HOW TO COMPLETE THIS TASK: Only one stretch of the data below should be repeated: the lines from the line containing "Mercedes-Benz CLA 250" through the line containing "Έφτασε ο Γκαρσία", inclusive, exactly as they are.

DATA SUPPLIED:
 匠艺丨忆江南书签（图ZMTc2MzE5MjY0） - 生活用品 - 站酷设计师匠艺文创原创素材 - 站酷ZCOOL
* * *
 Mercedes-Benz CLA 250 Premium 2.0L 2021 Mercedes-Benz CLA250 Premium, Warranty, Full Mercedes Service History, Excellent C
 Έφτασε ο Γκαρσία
* * *
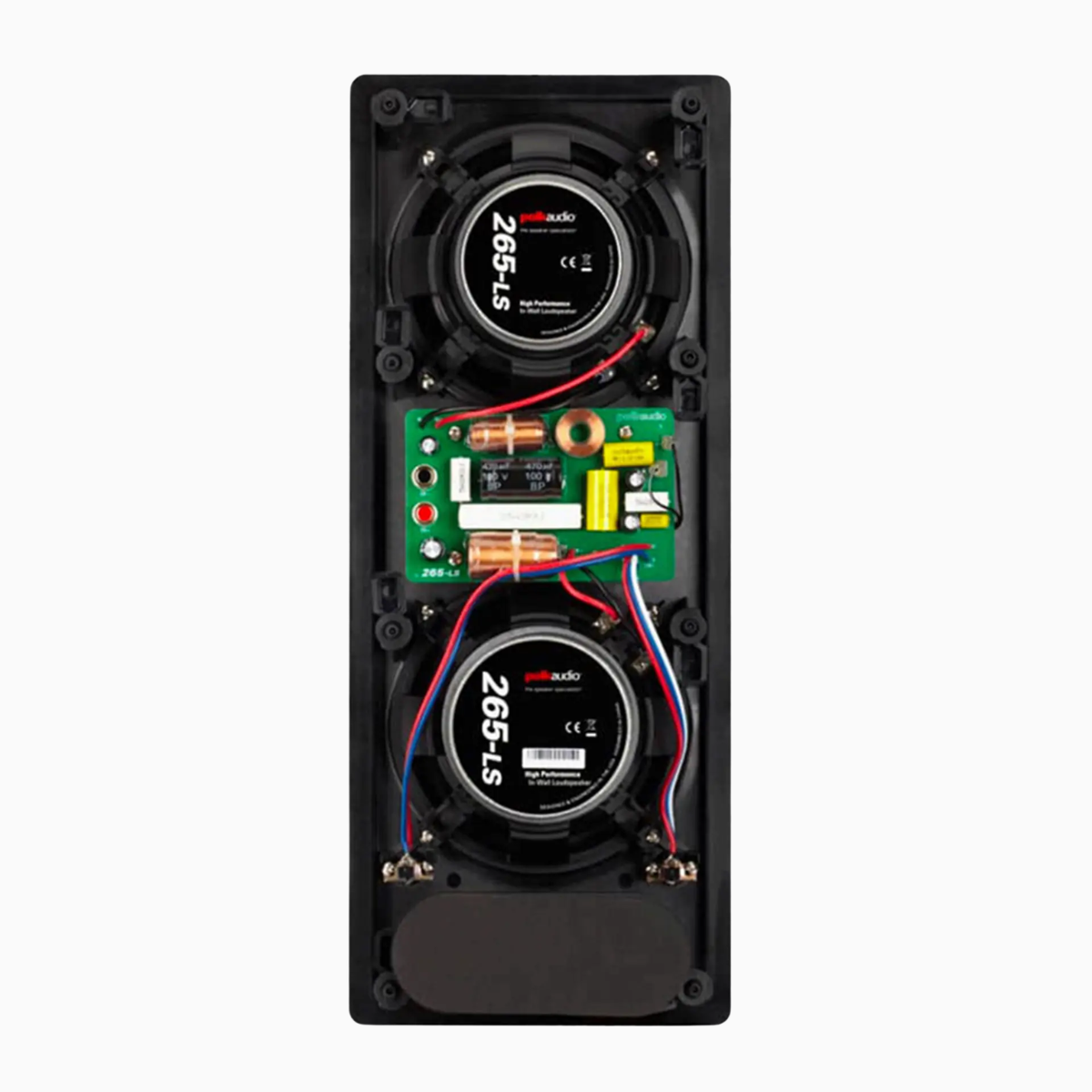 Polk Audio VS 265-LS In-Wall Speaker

WRITTEN SOLUTION:
 Mercedes-Benz CLA 250 Premium 2.0L 2021 Mercedes-Benz CLA250 Premium, Warranty, Full Mercedes Service History, Excellent C
 Έφτασε ο Γκαρσία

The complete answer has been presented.